If I should die before I wake
By Han Nolan
After a horrible motorcycle accident, Hilary is thrashed into a coma. In her coma she starts getting drawn into Chana's life. A Jewish girl during the times of WWII. She cannot control when she moves into Chana's memories. She is there when Chana and her family are forced out of their home and into the Lodz ghetto. Poverty, starvation, and disease rule this prison, making it tremendously difficult to survive. On top of that, daily trucks are picking up Jews and not bringing them back. Eventually one day Chana is put in a truck, but to where? The worst part is,,, Hilary has sworn herself to a neo-nazi group, and is in a Jewish hospital. Will she stay bitter and hateful? Or will Hilary/Chana survive this deadly circumstance?
Theme of this book
After reading this book, (twice), I believe the theme is too never give up. Throughout the novel, Hilary/Chana is faced with multiple gruesome situations. And through the whole story Hilary is constantly fighting her coma, and attempting to break her surface of solitude. With Chana she never gives up her fantasy of being liberated, treated with equality to the Germans, and playing her violin. These characters are rewarded in the end for their battles, proving that if they had given up,,, they would not have survived.

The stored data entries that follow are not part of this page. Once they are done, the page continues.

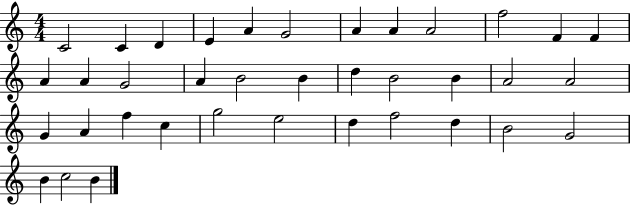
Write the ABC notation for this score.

X:1
T:Untitled
M:4/4
L:1/4
K:C
C2 C D E A G2 A A A2 f2 F F A A G2 A B2 B d B2 B A2 A2 G A f c g2 e2 d f2 d B2 G2 B c2 B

Reasearch concerning my book
I found out that the living conditions in the lodz ghetto were almost identical to the ones described in the book. The starvation was as bad as stated in the book, along with poverty, and stuffiness. Additionally, the Germans were as horribly unfair to the Jew as they were in the book. Plus, I discovered that you can die from inside a coma if it is deep enough. Also, to contribute to Hilary's first beliefs, there are still, very real neo-nazi gangs in America and the whole world.
Concluding to the Reasearch I made, I think that the author did their best to write the book as realistic as possible. She used relevant information about mistreatment. She told you about the perils of being a Jew and the inner thoughts of a Jewish teenage girl dring WWII. I really like how she portrayed Chana's will to survive. I also enjoyed how she described the frustration of being in a coma, and aching to be able to move, talk, and have people understand you.